• Data:
┄┄┄┄┄┄┄┄┄┄

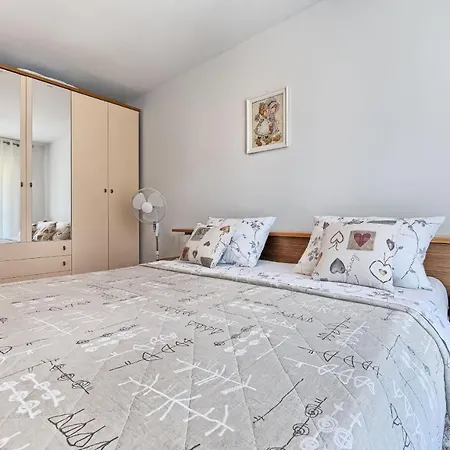 Meridians Kastela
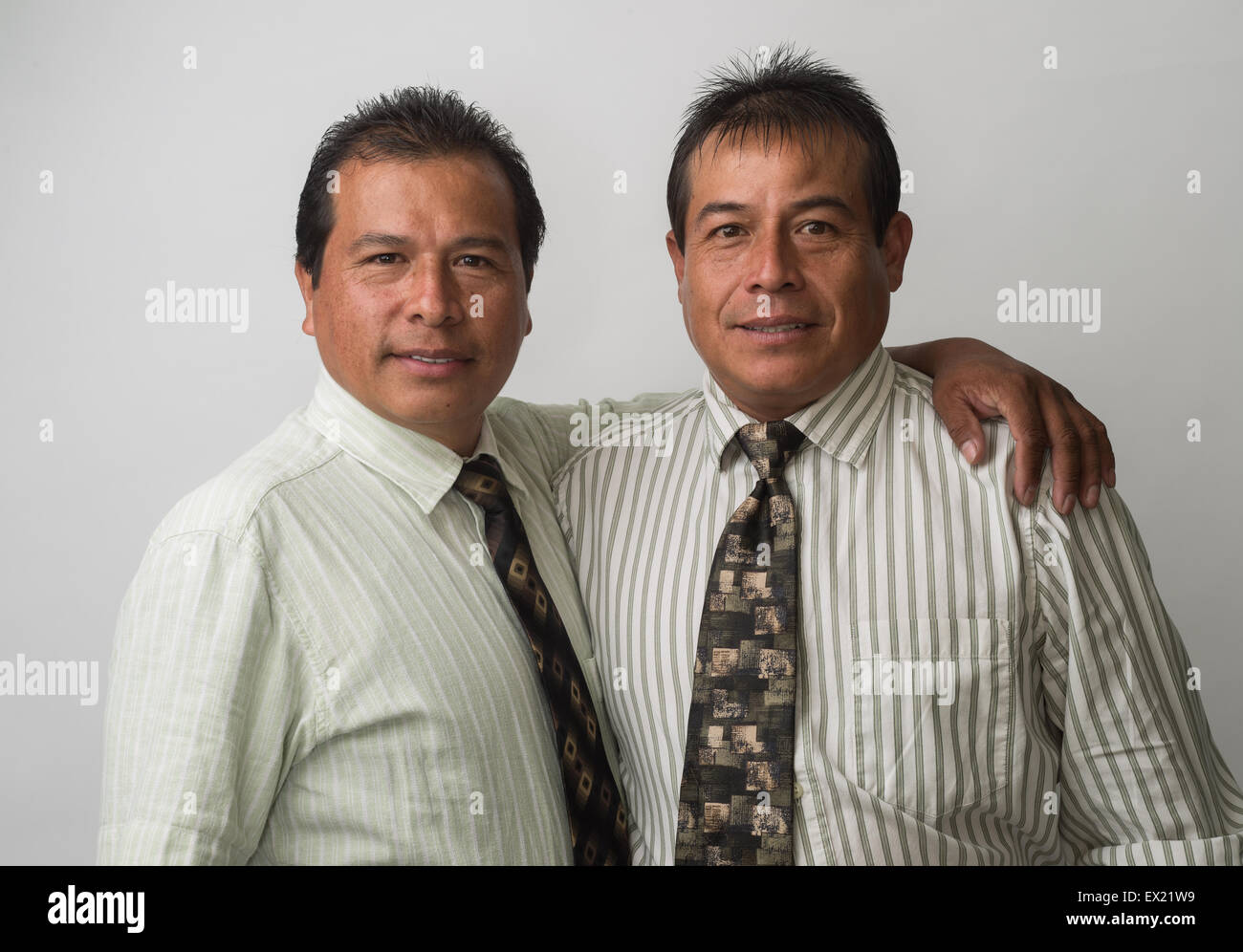 Hispanische Geschäftsleute, Büroangestellte lächelt, auf der Suche nach freundlichen. Stockfoto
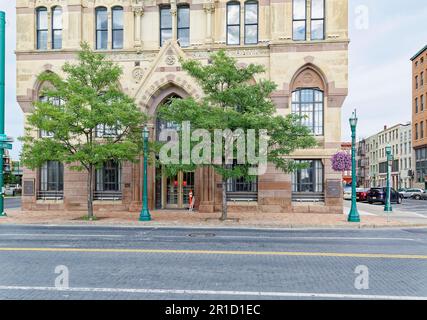 Die Bank of America befindet sich jetzt im Syracuse Savings Bank Building am Clinton Square, dem ehemaligen Pfad des Erie Canal. Stockfoto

┄┄┄┄┄┄┄┄┄┄

• Task item: Pictures are to be left out, and each line from the one that contains "Hispanische Geschäftsleute, Büroangestellte" through the end of the listing is to be copied exactly.

• Output:
 Hispanische Geschäftsleute, Büroangestellte lächelt, auf der Suche nach freundlichen. Stockfoto
 Die Bank of America befindet sich jetzt im Syracuse Savings Bank Building am Clinton Square, dem ehemaligen Pfad des Erie Canal. Stockfoto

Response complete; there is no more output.